Top of EXERCISE DATA

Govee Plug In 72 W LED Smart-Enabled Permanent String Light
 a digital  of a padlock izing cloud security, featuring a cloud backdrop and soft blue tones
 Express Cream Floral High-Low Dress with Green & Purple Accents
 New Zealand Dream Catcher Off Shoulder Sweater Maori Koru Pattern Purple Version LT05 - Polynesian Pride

Bottom of EXERCISE DATA

• WORK REQUIRED:
Nothing but the lines from the one containing "soft blue tones" to the last line of the listing above belongs in the answer; restate each word for word.

• ANSWER TO THIS EXERCISE:
 a digital  of a padlock izing cloud security, featuring a cloud backdrop and soft blue tones
 Express Cream Floral High-Low Dress with Green & Purple Accents
 New Zealand Dream Catcher Off Shoulder Sweater Maori Koru Pattern Purple Version LT05 - Polynesian Pride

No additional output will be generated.